A Distant Reader Field Trip to Bloomington

Posted on December 17, 2019 in Distant Reader

Yesterday I was in Bloomington (Indiana) for a Distant Reader field trip.

More specifically, I met with Marlon Pierce and Team XSEDE to talk about Distant Reader next steps. We discussed the possibility of additional grant opportunities, possible ways to exploit the Airivata/Django front-end, and Distant Reader embellishments such as:

  1. Distant Reader Lite – a desktop version of the Reader which processes single files
  2. Distant Reader Extras – a suite of tools for managing collections of “study carrels”
  3. The Distant Reader Appliance – a stand-alone piece of hardware built with Raspberry Pi’s

Along the way Marlon & I visited the data center where I actually laid hands on the Reader. We also visited John Walsh of the HathiTrust Research Center where I did a two-fold show & tell: 1) downloading HathiTrust plain text files as well as PDF documents using htid2books, and 2) the Distant Reader, of course. As a bonus, there was cool mobile hanging from the ceiling of Luddy Hall.

“A good time was had by all.”

eric and marlon

reader

mobile

What is the Distant Reader and why should I care?

Posted on November 9, 2019 in Distant Reader

The Distant Reader is a tool for reading. [1]

wall paper by eric

Wall Paper by Eric

The Distant Reader takes an arbitrary amount of unstructured data (text) as input, and it outputs sets of structured data for analysis — reading. Given a corpus of any size, the Distant Reader will analyze the corpus, and it will output a myriad of reports enabling you to use & understand the corpus.
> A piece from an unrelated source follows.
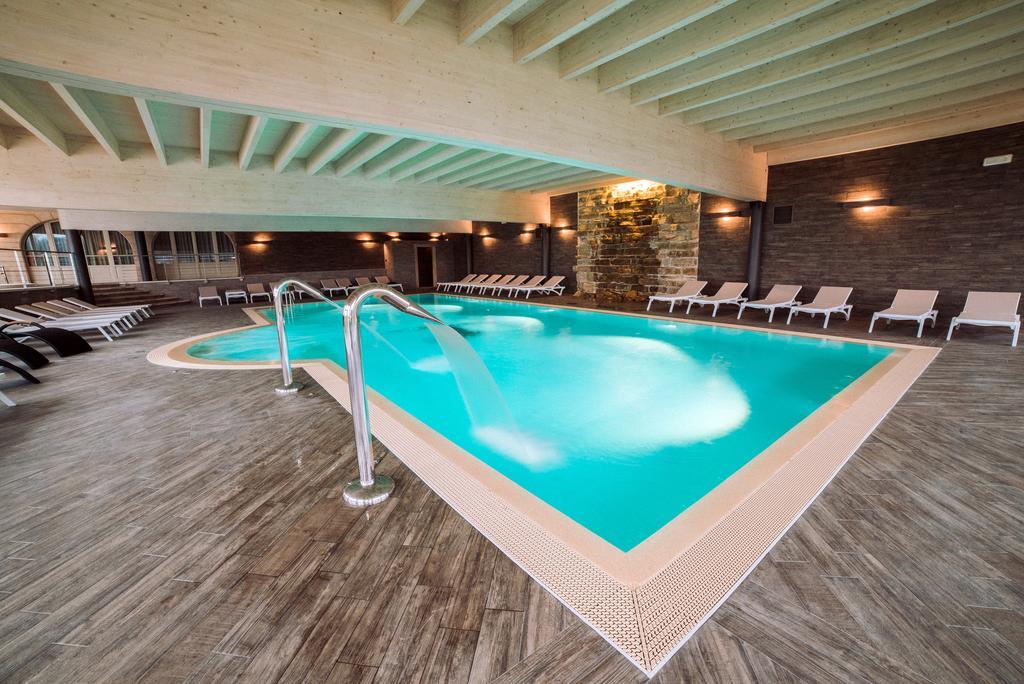 Garda Hotel San Vigilio Golf Pozzolengo Exterior photo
The Distant Reader is intended to supplement the traditional reading process.

The Distant Reader empowers one to use & understand large amounts of textual information both quickly & easily. For example, the Distant Reader can consume the entire issue of a scholarly journal, the complete works of a given author, or the content found at the other end of an arbitrarily long list of URLs. Thus, the Distant Reader is akin to a book’s table-of-contents or back-of-the-book index but at scale. It simplifies the process of identifying trends & anomalies in a corpus, and then it enables a person to further investigate those trends & anomalies.

The Distant Reader is designed to “read” everything from a single item to a corpus of thousand’s of items. It is intended for the undergraduate student who wants to read the whole of their course work in a given class, the graduate student who needs to read hundreds (thousands) of items for their thesis or dissertation, the scientist who wants to review the literature, or the humanist who wants to characterize a genre.

How it works

The Distant Reader takes five different forms of input:

  1. a URL – good for blogs, single journal articles, or long reports
  2. a list of URLs – the most scalable, but creating the list can be problematic
  3. a file – good for that long PDF document on your computer
  4. a zip file – the zip file can contain just about any number of files from your computer
  5. a zip file plus a metadata file – with the metadata file, the reader’s analysis is more complete

Once the input is provided, the Distant Reader creates a cache — a collection of all the desired content. This is done via the input or by crawling the ‘Net. Once the cache is collected, each & every document is transformed into plain text, and along the way basic bibliographic information is extracted. The next step is analysis against the plain text. This includes rudimentary counts & tabulations of ngrams, the computation of readability scores & keywords, basic topic modeling, parts-of-speech & named entity extraction, summarization, and the creation of a semantic index. All of these analyses are manifested as tab-delimited files and distilled into a single relational database file. After the analysis is complete, two reports are generated: 1) a simple plain text file which is very tabular, and 2) a set of HTML files which are more narrative and graphical. Finally, everything that has been accumulated & generated is compressed into a single zip file for downloading. This zip file is affectionately called a “study carrel“. It is completely self-contained and includes all of the data necessary for more in-depth analysis.

What it does

The Distant Reader supplements the traditional reading process. It does this in the way of traditional reading apparatus (tables of content, back-of-book indexes, page numbers, etc), but it does it more specifically and at scale.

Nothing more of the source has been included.